My Math is horrible, 30mill at 20% interest for 2 years is 12mill not 6mill. Its just not viable.
 

Godiva

Well-Known Member
And is, I suppose (being charitable, and running with this for the sake of an argument) why you employ consultants but don't approach councils for planning permission just yet, as you'd hope to buy land cheap, and then get the permission to increase its value, as opposed to alerting potential rivals for land with use now beyond sheep.

(I appreciate before anyone jumps on me that this is a bit clutching at straws, but I look forward to our new ground at Burton Dassett ;) )

Yes, and land can be acquired on an 'intention to buy' providing planning permission to build a stadium is granted.

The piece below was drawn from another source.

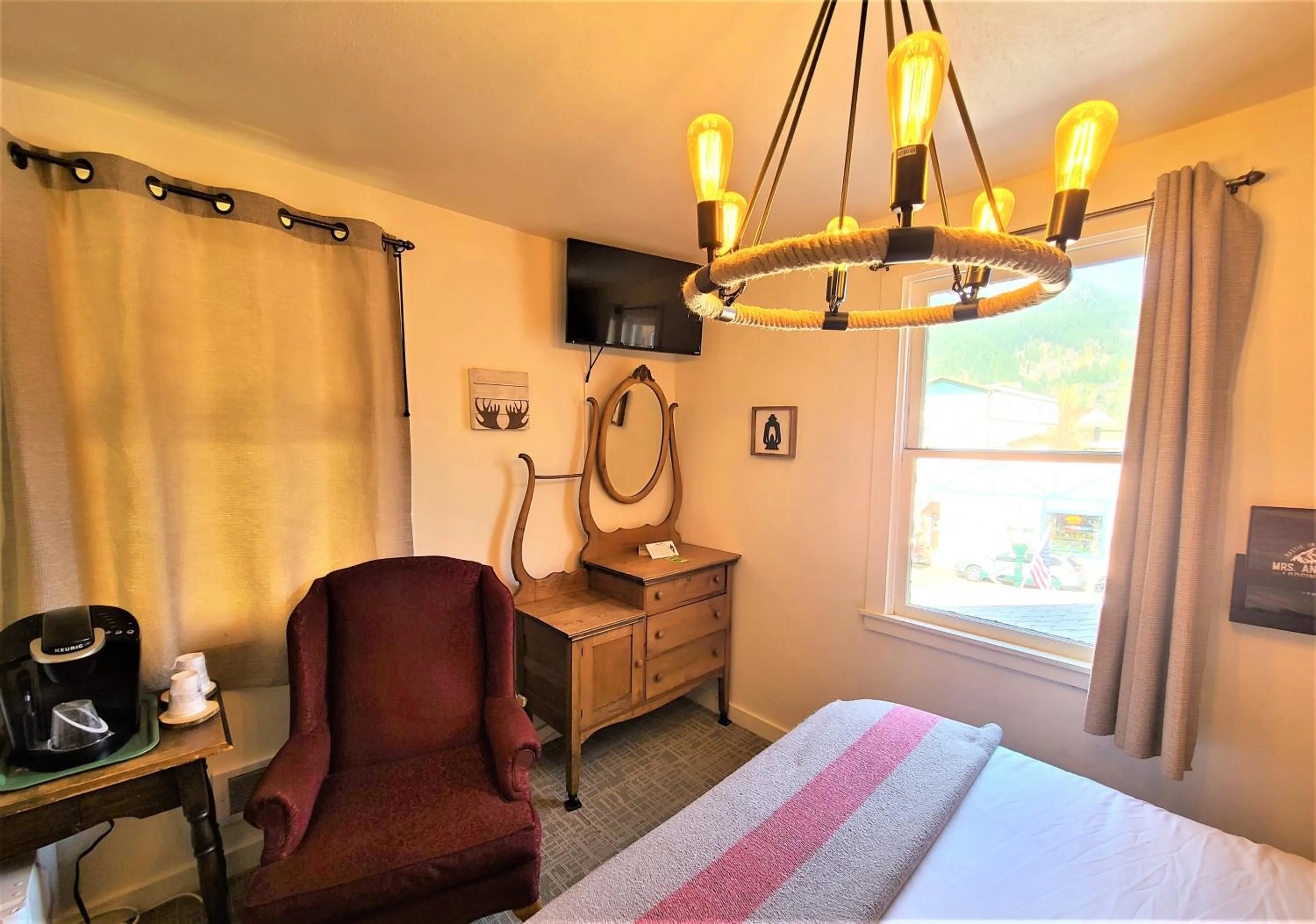 Bed in Mrs. Anderson's Lodging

Only, I wonder why they would be scared of competition. Leaks of paranoia. Who could be a competitor? It would require someone with a plan and finances. If they were more open they might attract interest from somebody who would like to be included in the project - set up a retail or something. Much more likely that would happen than someone decides to buy the land just because the club want to build a stadium.
 
D

Deleted member 5849

Guest
how is it good short term?

That was kind of my point... we have owners who, one assumes, are more interested in short term profit motive rather than long term sporting motive.

Obviously the club with a stadium is worth much more than the club without a stadium but is the club with a stadium really worth more than the club without a stadium + the cost of building said stadium? I doubt it very very much indeed.

From the owners' POV, get some partners in to help finance parts of it, stick it on the books as a nice new asset, in effect they have 'free' money.

But nothing, of course, is actually 'free'.

That asset only has full value for a limited time, as soon that value on the books will be depreciated, rather rapidly.

So, you build it, open it, flog off club and ground in that window where everything looks 'healthy', make profit (or in this case, mitigate your losses) and let someone else sort out the rest.